**ACTION ITEM**
Print all of the data below exactly as it appears, leaving out every image.

**AVAILABLE DATA**
--------------------------------

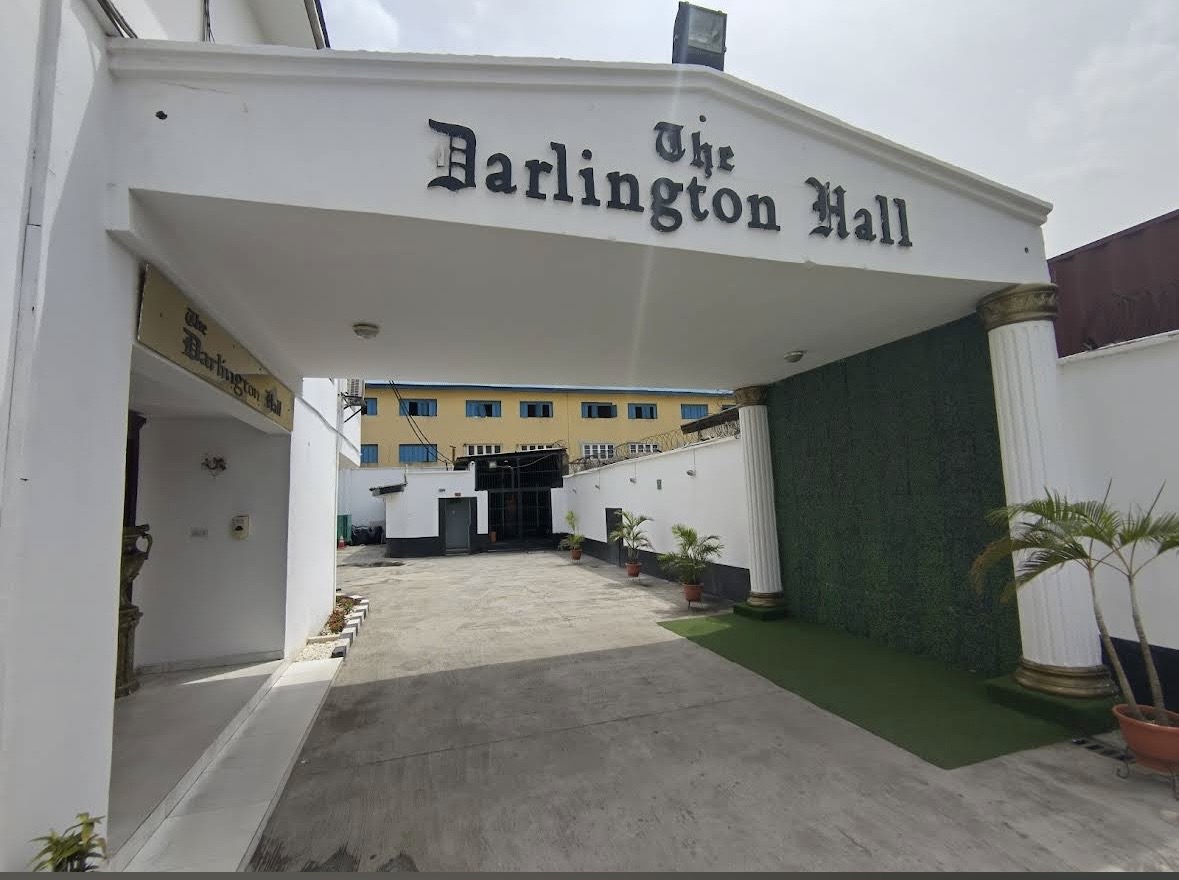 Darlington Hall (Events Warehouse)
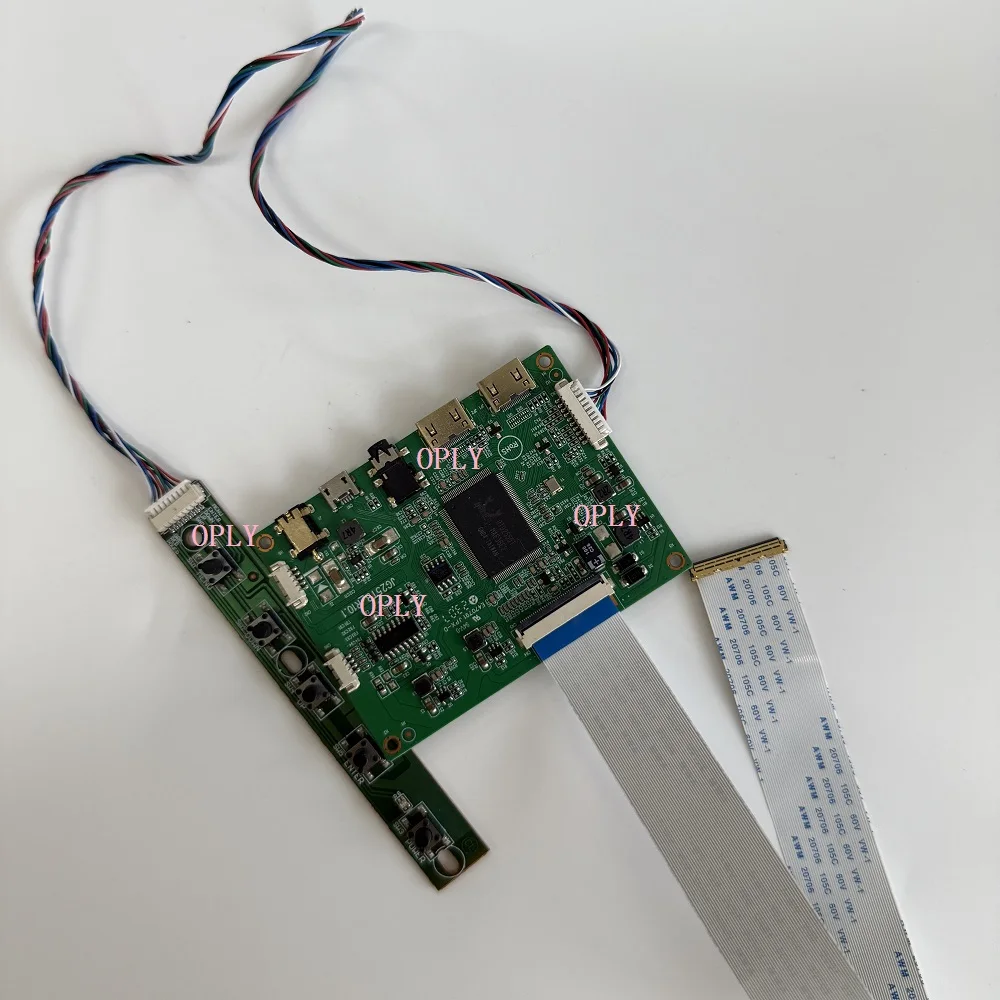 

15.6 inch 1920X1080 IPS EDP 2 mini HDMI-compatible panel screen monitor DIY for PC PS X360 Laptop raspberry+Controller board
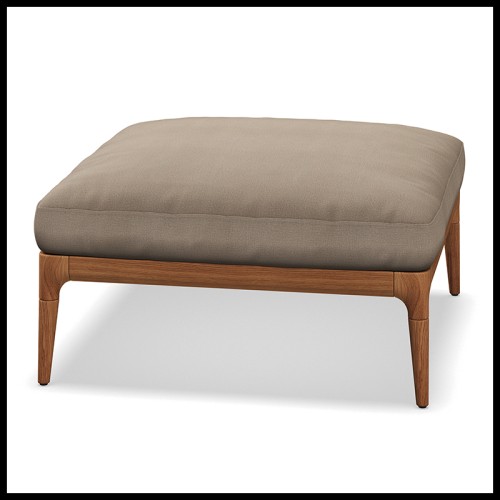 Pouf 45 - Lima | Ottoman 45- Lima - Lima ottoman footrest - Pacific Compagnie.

--------------------------------

**YOUR RESPONSE**
 Darlington Hall (Events Warehouse)

15.6 inch 1920X1080 IPS EDP 2 mini HDMI-compatible panel screen monitor DIY for PC PS X360 Laptop raspberry+Controller board
 Pouf 45 - Lima | Ottoman 45- Lima - Lima ottoman footrest - Pacific Compagnie.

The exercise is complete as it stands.